So \(X^\top X\) is a tool for understanding inner product stuff in \(\textrm{Im(X)}\) by representing it as inner product stuff happening in the domain.
Let’s make that concrete with an example.
Let’s choose our old friend
\[X = \begin{bmatrix} 1 & 1 \\ 1& 3 \\ 1 & -1\end{bmatrix}\]This is transforming \(\mathbb{R}^2\) into a plane in \(\mathbb{R}^3\). It does so in a way which distorts both angles and distances. The angle and distance between two vectors before the transformation will not be the same as their angle and distance after. \(X^\top X\) is a tool which helps us understand how these angles and distances are distorted! We are thinking of \(X^\top X\) as a bilinear form \(\mathbb{R}^p \times \mathbb{R}^p \to \mathbb{R}\) mapping \((\vec{\beta}_1, \vec{\beta}_2) \mapsto \vec{\beta}_2^\top X^\top X \vec{\beta}_1 = \langle X \vec{\beta}_1, X \vec{\beta}_2\rangle\).
Please play with this geogebra app:
Here we can see two vectors \(\vec{\beta}_1\) and \(\vec{\beta}_2\) in the domain. I am looking at their image in the codomain (which is 3 dimensional), but looking “straight down” in the direction of \(\vec{u}_3\). Essentially I just picked up \(\textrm{Im(X)}\) and plopped it down flat on the page so that \(\vec{u}_1\) was in the positive \(x\) direction, and \(\vec{u}_2\) was in the positive \(y\) direction.
We can see the both the angle between the inputs and the length of the inputs have changed.
Thinking of \(X^\top X \vec{\beta}_1\) as living in the same space as \(\vec{\beta}_1\) leads to some confusion. Even though these have the same dimensions, it might really be better to think of \(X^\top X \vec{\beta}_1\) as covector than as a vector. It is a partially applied version of the bilinear form we discussed above. In other words, you should be thinking of \(X^\top X \vec{\beta}_1\) as a map \(\mathbb{R}^p \to \mathbb{R}\) defined by \(\vec{\beta}_2 \mapsto \vec{\beta}_2^\top X^\top X \vec{\beta}_1 = \langle X \vec{\beta}_1, X \vec{\beta}_2\rangle\).
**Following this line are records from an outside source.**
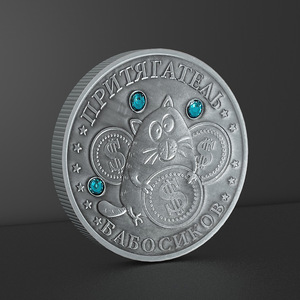 Pièce commémorative de crypto-monnaie russe 'Mouse' en alliage avec diamants bleus. Partagez comme de petits cadeaux avec vos amis. - Product Image 3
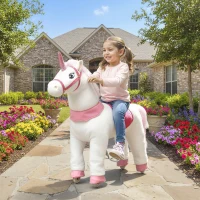Qaba Ride on Unicorn Toy for Kids 4-7 Years, 37.8 Inch Plush Baby Rocking Horse with Wheels, No Battery Required, White(m-2)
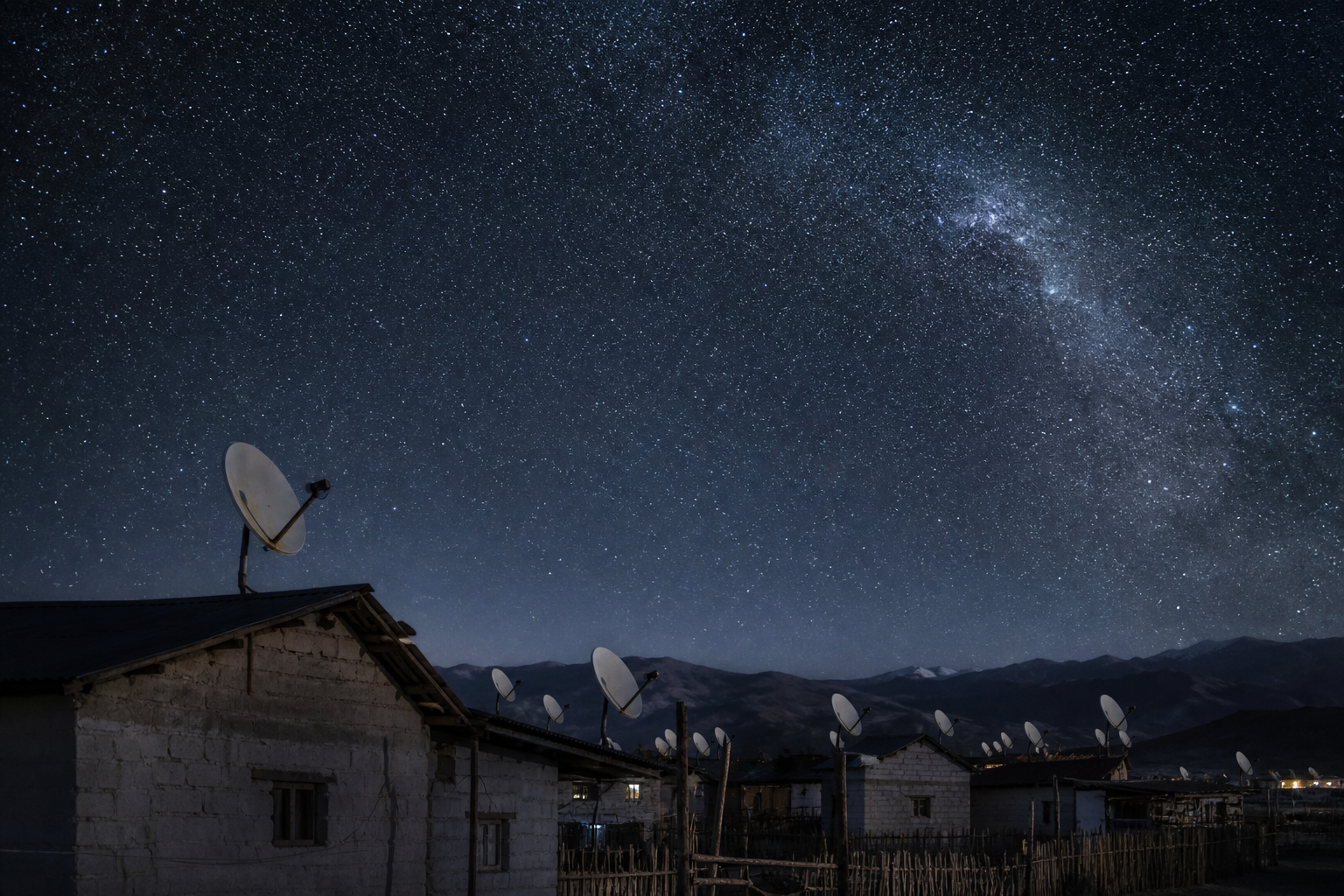 Dishes catching a constellation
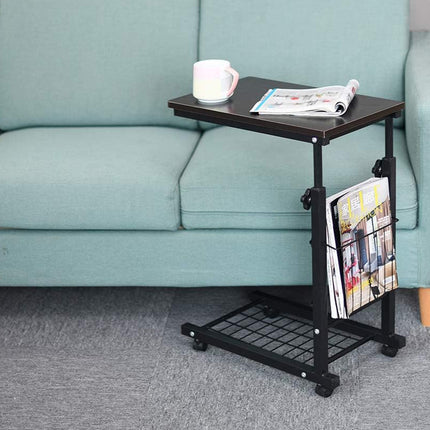 Mobile Side Table Adjustable Height Durable for Bedroom Living Room Home Use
You might recognize that from this perspective, \(X^\top X \vec{\beta}_1\) is a curried form of \(X^\top X\) viewed a bilinear form.
Nonetheless, we can view \(X^\top X \vec{\beta}\) as a vector, and the nicest way to visualize it is probably by thinking of it as (a multiple of) the gradient of the map \(\vec{\beta} \mapsto \vert X\vec{\beta}\vert^2\). We can then levarage our intuition about gradient vectors pointing in the direction of greatest increase, being perpendicular to level sets, and having magnitude representing the “steepness” of ascent.
Play around with this geogebra app:
The standard Lagrange multiplier intuition shows us why the \(\vec{\beta}\) which maximizes \(\vert X\vec{\beta}\vert^2\) must be an eigenvector for \(X^\top X\).
I think that our understanding of \(X^\top X\) as a bilinear form is the most important take away from this section though. We will see how this is crucial to understanding how SVD gives us optimal low rank approximations of a matrix.
Using SVD to project onto a subspace
Remember that we defined \(r = \textrm{Rank}(X)\) and \(U_r\) to be the first \(r\) columns of \(U\).
The columns of \(U_r\) form an orthonormal basis of the image of \(X\). So it is easy to use it to project a vector \(\vec{y}\) onto the image of \(X\):
\[\hat{y} = \text{Proj}_{\textrm{Im}(X)} (\vec{y}) = \sum_1^r (\vec{y} \cdot \vec{u}_j) \vec{u_j}\]This can be rewritten as a matrix product as
\[\hat{y} = U_{r} U_{r}^\top \vec{y}\]To find the value of \(\beta\) with \(\hat{y} = X \vec{\beta}\), we can use
\[\begin{align*} X \beta &= U_{r} U_{r}^\top \vec{y}\\ U_{r} \Sigma_r V_r^\top \beta &= U_{r} U_{r}^\top \vec{y}\\ \Sigma_r V_r^\top \beta &= U_{r}^\top \vec{y}\\ V_r^\top \beta &= \Sigma_r^{-1} U_{r}^\top \vec{y}\\ \beta &= V_r \Sigma_r^{-1} U_{r}^\top \vec{y} \end{align*}\]This should make intuitive sense as well:
- When we orthogonally project \(\vec{y}\) onto the image of \(X\), \(U_{r}^\top \vec{y}\) gives the coefficients of the \(\vec{u}_j\) spanning the image. Say
Then
\[U_{r}^\top \vec{y} = \begin{bmatrix} c_1 \\ c_2 \\ \vdots \\ c_r \end{bmatrix}\]- So \(\Sigma_r^{-1} U_{r}^\top \vec{y}\) is scaling each of these coefficients by \(\frac{1}{\sigma_j}\):
- Finally \(\beta = V_r \Sigma_r^{-1} U_{r}^\top \vec{y}\) takes the linear combination of the right singular vectors \(\vec{v}_j\) using these coefficients.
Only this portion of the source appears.